民主主義の目的は何だろう。国民の叡智を結集して、国家が直面する問題を解決することなのだろうか。
違う。多くの人は問題の実態さえわからないので、有効な解決策を提供する能力はない。それに、民主主義で自分の理解を提供する方法さえない。投票する時点で政治家を選ぶことしかできない。国民の叡智と全く関係ないと私は思う。
民主主義の役割は、内乱なしに政権を更迭させることだ。簡単に言えば、国民の過半数が政権に反対するようになったら、政権交代になる。継承する政権が改善になるとは限らないが、暴力や混乱を通らずに交代は実現できる。これは民主主義の大きな利点で、歴史的な根本的な政治問題の解決である。政権交代が混乱を伴ったので、多くの社会構成が交代を禁じようとしたが、戦国時代等を見たら有効な方法ではなかったことがわかる。しかし、民主主義のもとで何回も政権交代を実現したことがある。
それで、有権者の負担が軽減される。政治や政策を理解する責任は一切ない。単純に現政権を擁立できるかどうかを判断できれば十分だ。特に深い理由がなくても良い。多くの有権者が同意しない限り、政権交代にならないので、勝手な勘で決めても構わない。これは、長時間労働の低所得者でもできるので、参政権を広く国民に認める理由にもなる。国家の状態を把握する能力等があるかどうかは関係ない。女性は冷静に判断できないと軽蔑され、参政させられなかったが、民主主義の本当の役割がわかったら、冷静に判断できなくても参政権を持つべきであるのも分かる。
だから、同じように参政権を子供に与えるべきだと思う。物理的に鉛筆を持って投票することはできない子供に参政権を与えなくても良いが、7歳以上の子供はそれができるので、有権者は7歳以上の国民であるべきだと思う。もちろん、被選挙権は子供に与えない。当選した政治家には国民や自治体のために判断する責務が課されるので、能力があるのは望ましい。少なくとも大人になった人が良いだろう。
実は、年齢制限を設けなくても良い。一人で投票できれば、投票させてもいいだろう。文字はまだできない子供はダメな一票を出すかもしれないが、数えなくても良い。
同じように、子供が「不適切」な候補に一票を出しても、多くの大人が同じ意見を持たない限り、当選に至らない。子供は過半数ではない。(子供は過半数を占める国も存在するが、日本はそうではない。)それに、子供といえば、小学生だけではない。中学生や高校生も含まれている。この年齢になった子供は、政治の動きを十分把握できる。そして、70年先の未来を当然考える。まだ生きていると推測するからだ。

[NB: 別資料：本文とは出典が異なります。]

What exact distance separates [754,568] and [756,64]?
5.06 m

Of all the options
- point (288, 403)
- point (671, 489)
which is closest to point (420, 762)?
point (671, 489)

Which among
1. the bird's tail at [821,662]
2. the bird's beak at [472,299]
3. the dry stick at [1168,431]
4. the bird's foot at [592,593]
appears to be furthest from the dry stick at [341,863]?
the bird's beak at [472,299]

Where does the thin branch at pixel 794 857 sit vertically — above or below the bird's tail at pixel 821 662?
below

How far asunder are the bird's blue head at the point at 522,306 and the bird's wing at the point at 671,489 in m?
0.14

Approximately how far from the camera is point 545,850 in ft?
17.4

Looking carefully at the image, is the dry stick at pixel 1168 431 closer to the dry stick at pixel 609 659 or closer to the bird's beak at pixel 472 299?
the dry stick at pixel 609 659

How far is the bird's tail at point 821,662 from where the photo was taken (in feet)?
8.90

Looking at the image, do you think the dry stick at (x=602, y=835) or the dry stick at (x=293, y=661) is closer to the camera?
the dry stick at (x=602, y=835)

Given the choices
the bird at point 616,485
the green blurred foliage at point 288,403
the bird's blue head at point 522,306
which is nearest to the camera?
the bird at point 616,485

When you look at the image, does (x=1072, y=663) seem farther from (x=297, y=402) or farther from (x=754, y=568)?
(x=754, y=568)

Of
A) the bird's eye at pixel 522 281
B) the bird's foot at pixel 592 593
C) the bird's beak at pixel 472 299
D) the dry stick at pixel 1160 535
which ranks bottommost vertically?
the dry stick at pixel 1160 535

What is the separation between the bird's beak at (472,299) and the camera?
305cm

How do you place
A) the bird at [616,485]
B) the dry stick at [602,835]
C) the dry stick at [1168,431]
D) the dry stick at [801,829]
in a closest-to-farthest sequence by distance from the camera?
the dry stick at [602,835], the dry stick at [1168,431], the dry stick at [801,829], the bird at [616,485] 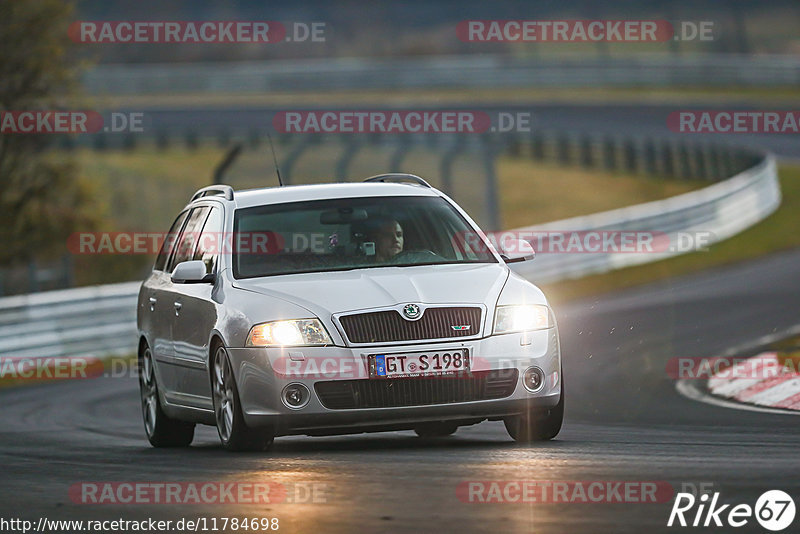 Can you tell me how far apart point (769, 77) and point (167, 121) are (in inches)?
720

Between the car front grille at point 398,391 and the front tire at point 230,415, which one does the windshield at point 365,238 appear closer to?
the front tire at point 230,415

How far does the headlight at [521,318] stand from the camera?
348 inches

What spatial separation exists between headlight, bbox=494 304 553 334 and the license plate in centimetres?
37

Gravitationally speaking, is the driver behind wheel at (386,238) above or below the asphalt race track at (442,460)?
above

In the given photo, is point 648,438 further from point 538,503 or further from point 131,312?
point 131,312

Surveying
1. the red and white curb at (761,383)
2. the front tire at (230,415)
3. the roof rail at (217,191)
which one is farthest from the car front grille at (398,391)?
the red and white curb at (761,383)

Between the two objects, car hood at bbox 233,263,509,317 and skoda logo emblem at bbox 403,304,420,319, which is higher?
car hood at bbox 233,263,509,317

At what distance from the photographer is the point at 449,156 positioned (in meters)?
24.7

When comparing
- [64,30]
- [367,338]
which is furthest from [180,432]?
[64,30]

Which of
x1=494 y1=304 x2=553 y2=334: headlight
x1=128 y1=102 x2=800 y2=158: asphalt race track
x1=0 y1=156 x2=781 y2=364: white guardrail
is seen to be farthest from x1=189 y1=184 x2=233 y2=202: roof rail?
x1=128 y1=102 x2=800 y2=158: asphalt race track

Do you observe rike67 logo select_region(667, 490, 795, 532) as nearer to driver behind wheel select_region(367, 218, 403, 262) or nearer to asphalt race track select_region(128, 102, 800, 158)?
driver behind wheel select_region(367, 218, 403, 262)

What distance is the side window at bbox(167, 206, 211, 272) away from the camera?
1045cm

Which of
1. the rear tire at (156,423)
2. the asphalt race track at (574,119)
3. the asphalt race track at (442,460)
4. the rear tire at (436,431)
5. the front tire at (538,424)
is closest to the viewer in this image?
the asphalt race track at (442,460)

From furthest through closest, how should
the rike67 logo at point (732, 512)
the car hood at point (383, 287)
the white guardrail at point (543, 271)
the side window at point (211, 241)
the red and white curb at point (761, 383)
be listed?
the white guardrail at point (543, 271), the red and white curb at point (761, 383), the side window at point (211, 241), the car hood at point (383, 287), the rike67 logo at point (732, 512) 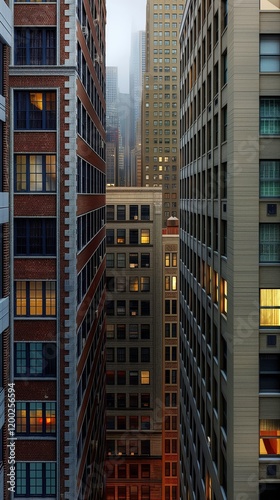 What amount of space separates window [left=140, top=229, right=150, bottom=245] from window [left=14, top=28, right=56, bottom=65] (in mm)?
43733

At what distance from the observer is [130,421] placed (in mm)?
67125

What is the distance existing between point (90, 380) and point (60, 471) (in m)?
11.0

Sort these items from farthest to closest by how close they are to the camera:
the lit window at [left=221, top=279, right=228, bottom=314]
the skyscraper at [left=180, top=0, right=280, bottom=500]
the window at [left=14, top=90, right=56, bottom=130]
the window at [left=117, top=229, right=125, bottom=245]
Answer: the window at [left=117, top=229, right=125, bottom=245] → the window at [left=14, top=90, right=56, bottom=130] → the lit window at [left=221, top=279, right=228, bottom=314] → the skyscraper at [left=180, top=0, right=280, bottom=500]

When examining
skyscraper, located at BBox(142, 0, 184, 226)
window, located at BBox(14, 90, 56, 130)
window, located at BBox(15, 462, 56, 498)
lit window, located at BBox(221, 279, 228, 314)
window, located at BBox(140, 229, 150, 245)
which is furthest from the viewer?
skyscraper, located at BBox(142, 0, 184, 226)

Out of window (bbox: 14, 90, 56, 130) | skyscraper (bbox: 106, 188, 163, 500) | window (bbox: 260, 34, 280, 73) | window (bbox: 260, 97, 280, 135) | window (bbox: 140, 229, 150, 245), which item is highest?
window (bbox: 260, 34, 280, 73)

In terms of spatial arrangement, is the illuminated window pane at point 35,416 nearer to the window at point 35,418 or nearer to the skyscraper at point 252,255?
the window at point 35,418

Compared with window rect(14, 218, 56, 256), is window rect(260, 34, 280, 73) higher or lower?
higher

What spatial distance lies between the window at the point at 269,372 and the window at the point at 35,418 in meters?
10.5

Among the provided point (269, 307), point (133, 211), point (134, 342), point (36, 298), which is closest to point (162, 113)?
point (133, 211)

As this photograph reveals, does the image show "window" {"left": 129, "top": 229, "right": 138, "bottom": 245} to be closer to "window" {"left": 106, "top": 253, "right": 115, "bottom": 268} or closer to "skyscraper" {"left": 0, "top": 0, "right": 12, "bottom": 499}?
"window" {"left": 106, "top": 253, "right": 115, "bottom": 268}

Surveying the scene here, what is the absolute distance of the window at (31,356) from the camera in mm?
24688

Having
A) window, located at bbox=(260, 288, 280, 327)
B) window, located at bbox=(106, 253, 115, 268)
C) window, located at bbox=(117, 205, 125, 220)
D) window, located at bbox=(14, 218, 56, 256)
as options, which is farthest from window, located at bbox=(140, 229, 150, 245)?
window, located at bbox=(260, 288, 280, 327)

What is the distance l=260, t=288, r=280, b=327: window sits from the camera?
20094 millimetres

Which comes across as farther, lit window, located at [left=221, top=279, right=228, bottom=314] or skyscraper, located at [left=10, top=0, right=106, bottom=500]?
skyscraper, located at [left=10, top=0, right=106, bottom=500] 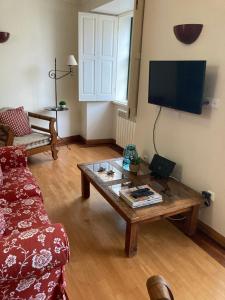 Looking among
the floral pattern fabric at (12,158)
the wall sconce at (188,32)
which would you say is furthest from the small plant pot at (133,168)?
the wall sconce at (188,32)

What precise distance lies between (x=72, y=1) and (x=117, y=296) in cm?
413

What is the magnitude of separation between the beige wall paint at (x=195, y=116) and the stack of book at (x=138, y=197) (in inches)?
20.0

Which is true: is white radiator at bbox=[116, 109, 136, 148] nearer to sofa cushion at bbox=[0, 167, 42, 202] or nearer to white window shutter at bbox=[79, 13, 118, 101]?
white window shutter at bbox=[79, 13, 118, 101]

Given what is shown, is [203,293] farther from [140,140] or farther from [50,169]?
[50,169]

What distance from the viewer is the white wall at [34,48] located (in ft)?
12.3

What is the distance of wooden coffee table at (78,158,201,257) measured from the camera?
6.19 ft

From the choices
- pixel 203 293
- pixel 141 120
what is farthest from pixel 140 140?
pixel 203 293

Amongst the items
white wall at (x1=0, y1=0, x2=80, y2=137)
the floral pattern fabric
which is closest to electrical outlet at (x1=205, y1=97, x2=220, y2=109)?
the floral pattern fabric

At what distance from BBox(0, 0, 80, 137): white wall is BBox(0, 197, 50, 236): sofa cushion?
100 inches

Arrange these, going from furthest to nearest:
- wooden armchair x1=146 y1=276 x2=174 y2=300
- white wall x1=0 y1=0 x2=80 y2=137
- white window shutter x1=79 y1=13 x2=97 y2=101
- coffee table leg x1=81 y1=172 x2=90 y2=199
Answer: white window shutter x1=79 y1=13 x2=97 y2=101
white wall x1=0 y1=0 x2=80 y2=137
coffee table leg x1=81 y1=172 x2=90 y2=199
wooden armchair x1=146 y1=276 x2=174 y2=300

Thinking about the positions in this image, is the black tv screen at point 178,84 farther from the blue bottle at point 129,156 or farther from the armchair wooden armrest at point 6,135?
the armchair wooden armrest at point 6,135

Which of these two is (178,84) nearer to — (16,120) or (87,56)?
(87,56)

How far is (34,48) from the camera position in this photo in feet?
13.0

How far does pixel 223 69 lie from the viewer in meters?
1.94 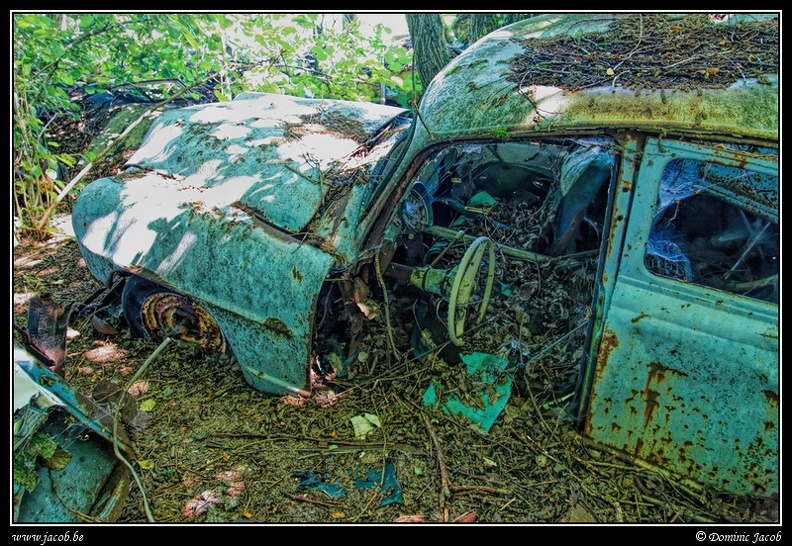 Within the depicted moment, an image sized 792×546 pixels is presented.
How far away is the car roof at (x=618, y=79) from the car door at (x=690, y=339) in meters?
0.14

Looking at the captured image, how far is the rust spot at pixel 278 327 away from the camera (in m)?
2.57

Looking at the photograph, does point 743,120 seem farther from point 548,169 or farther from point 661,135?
point 548,169

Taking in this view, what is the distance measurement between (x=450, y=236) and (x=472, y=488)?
1469 millimetres

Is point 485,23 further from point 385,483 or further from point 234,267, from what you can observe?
point 385,483

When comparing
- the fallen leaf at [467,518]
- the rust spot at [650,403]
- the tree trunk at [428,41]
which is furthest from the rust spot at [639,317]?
the tree trunk at [428,41]

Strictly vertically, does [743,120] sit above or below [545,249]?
above

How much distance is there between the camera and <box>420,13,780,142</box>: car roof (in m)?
1.88

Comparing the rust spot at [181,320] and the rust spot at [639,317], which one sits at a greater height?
the rust spot at [639,317]

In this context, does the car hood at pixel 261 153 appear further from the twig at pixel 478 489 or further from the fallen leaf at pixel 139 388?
the twig at pixel 478 489

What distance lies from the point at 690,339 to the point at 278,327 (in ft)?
6.06

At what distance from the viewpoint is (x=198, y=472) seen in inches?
97.3

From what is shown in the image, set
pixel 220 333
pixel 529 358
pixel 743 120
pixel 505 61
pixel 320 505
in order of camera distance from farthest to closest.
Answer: pixel 220 333, pixel 529 358, pixel 505 61, pixel 320 505, pixel 743 120

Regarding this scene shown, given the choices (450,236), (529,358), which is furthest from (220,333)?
(529,358)

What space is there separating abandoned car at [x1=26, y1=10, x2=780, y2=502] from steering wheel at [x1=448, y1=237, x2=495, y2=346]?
0.04ft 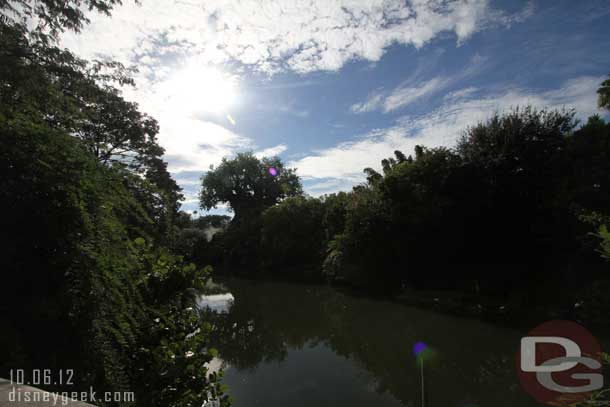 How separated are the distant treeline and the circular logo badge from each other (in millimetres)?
812

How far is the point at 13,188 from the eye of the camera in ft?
6.16

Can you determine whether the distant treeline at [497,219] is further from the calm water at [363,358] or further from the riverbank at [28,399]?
the riverbank at [28,399]

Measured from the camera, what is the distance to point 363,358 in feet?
24.7

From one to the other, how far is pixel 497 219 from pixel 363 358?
8.71 metres

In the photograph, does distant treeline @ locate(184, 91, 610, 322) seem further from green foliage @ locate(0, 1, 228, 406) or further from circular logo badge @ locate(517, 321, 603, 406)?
green foliage @ locate(0, 1, 228, 406)

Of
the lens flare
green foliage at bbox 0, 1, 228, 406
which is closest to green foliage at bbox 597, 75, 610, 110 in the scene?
the lens flare

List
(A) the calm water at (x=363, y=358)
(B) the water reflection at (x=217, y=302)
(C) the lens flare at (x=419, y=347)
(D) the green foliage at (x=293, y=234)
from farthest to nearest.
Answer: (D) the green foliage at (x=293, y=234)
(B) the water reflection at (x=217, y=302)
(C) the lens flare at (x=419, y=347)
(A) the calm water at (x=363, y=358)

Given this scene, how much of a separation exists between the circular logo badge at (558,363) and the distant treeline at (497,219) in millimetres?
812

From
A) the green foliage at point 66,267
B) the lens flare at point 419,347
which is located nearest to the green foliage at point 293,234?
the lens flare at point 419,347

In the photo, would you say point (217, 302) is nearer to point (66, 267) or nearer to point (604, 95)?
point (66, 267)

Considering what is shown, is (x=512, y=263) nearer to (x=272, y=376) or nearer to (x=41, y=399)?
(x=272, y=376)

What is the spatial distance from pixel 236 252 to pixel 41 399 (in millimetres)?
31112

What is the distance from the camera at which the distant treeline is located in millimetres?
10211

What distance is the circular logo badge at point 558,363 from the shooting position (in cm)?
533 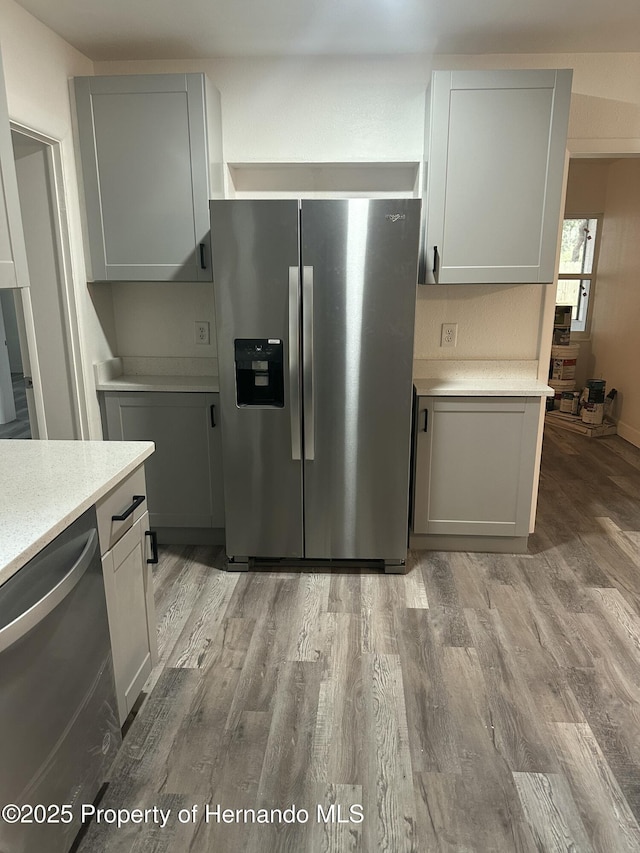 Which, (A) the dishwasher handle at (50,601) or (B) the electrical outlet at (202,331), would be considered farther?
(B) the electrical outlet at (202,331)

だから、子供が将来を考えない政治家に一票を与えないだろうが、これは望ましい。
子供の参政権に反論する根拠は見つけにくいのだ。低所得者や女性を排除するために利用された論理しか見当たらない。だから、与えるべきだと思う。
(ところで、非選挙権を与えてもいいかもしれない。当選しないだろう。)
7歳の子供は政治を理解することは不可能なのでちょっと風変わりだと思いますが、このあいだ維新の会の提唱した、子供を持つ人に票数を増やす案を思い出しました。異次元の少子化対策とは、そういう思いきった発想をすることでもあると思います。
その案を聞いたことはありませんが、やはり法定代理人の延長線上の概念ですね。しかし、政治の理解を参政権の条件として求められていませんので、そうすれば子ども本人に駆使していただきたいと思います。